• **Task brief**
Return the listing exactly, please; no pictures.

• **The input**
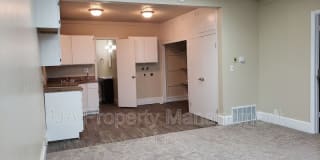 972 W Center St Gallery 1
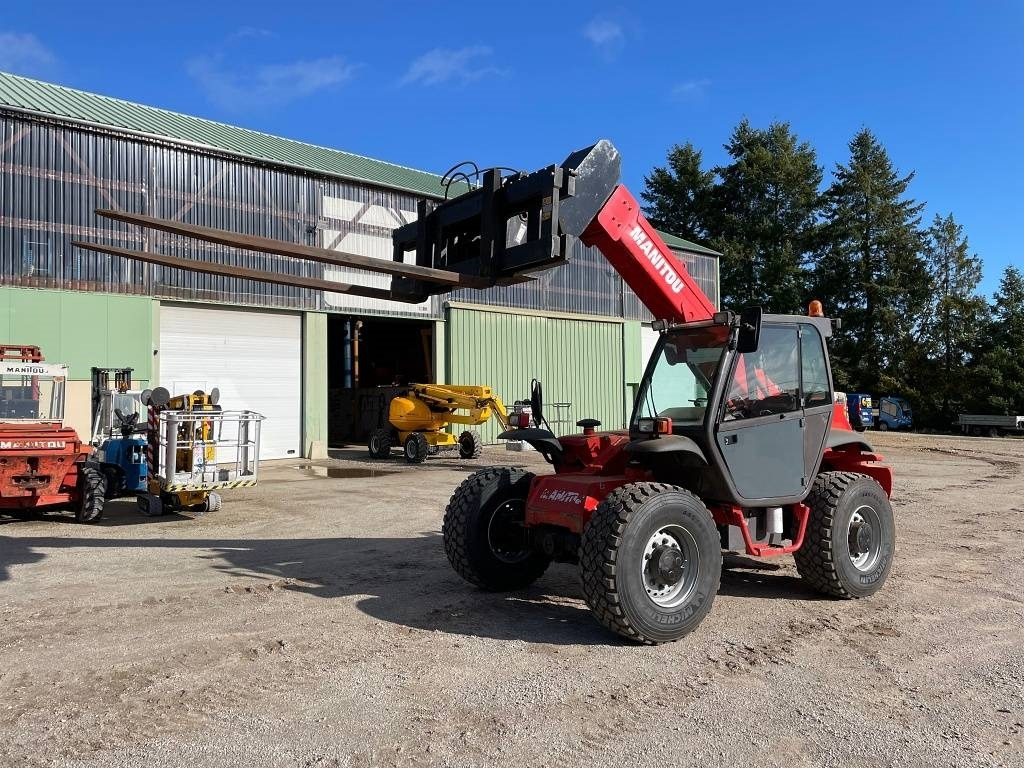 Manitou MVT 675 - Empilhador telescópico: foto 1 Manitou MVT 675 - Empilhador telescópico: foto 1
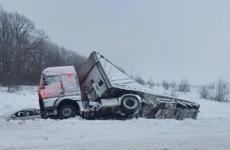 Есть погибший: фура перевернулась и улетела в кювет на воронежской трассе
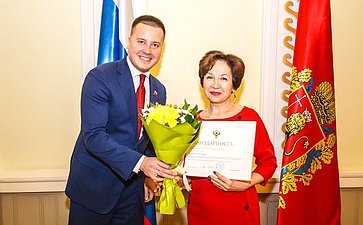 Александр Пронюшкин вручил почетные грамоты Совета Федерации и Благодарность Председателя Совета Федерации работникам медицины и социальной сферы
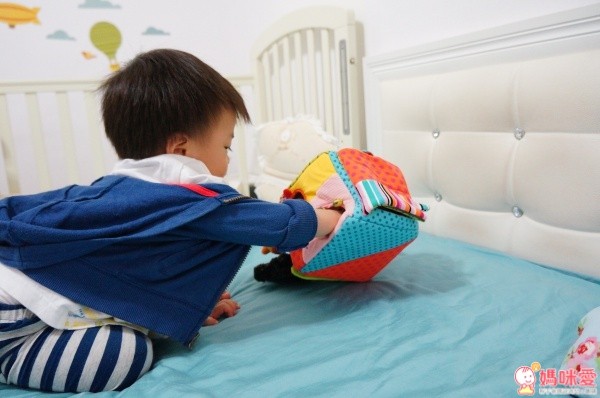 法國 ebulobo 1步2步 玩偶, 固齒器, 布書, 遊戲屋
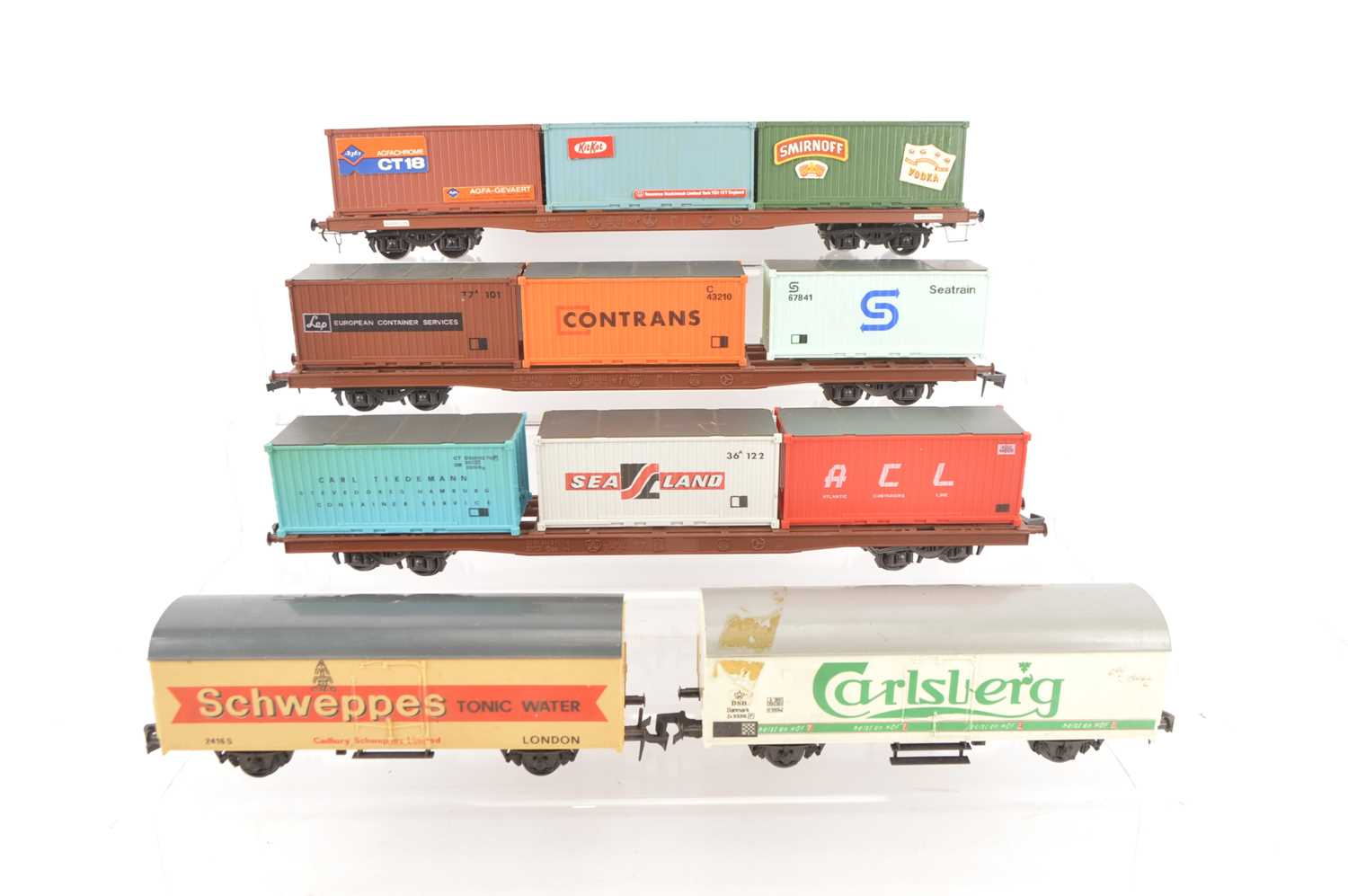 Lima 0 Gauge Freightliner wagons and Vans,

• **Your solution**
 972 W Center St Gallery 1
 Manitou MVT 675 - Empilhador telescópico: foto 1 Manitou MVT 675 - Empilhador telescópico: foto 1
 Есть погибший: фура перевернулась и улетела в кювет на воронежской трассе
 Александр Пронюшкин вручил почетные грамоты Совета Федерации и Благодарность Председателя Совета Федерации работникам медицины и социальной сферы
 法國 ebulobo 1步2步 玩偶, 固齒器, 布書, 遊戲屋
 Lima 0 Gauge Freightliner wagons and Vans,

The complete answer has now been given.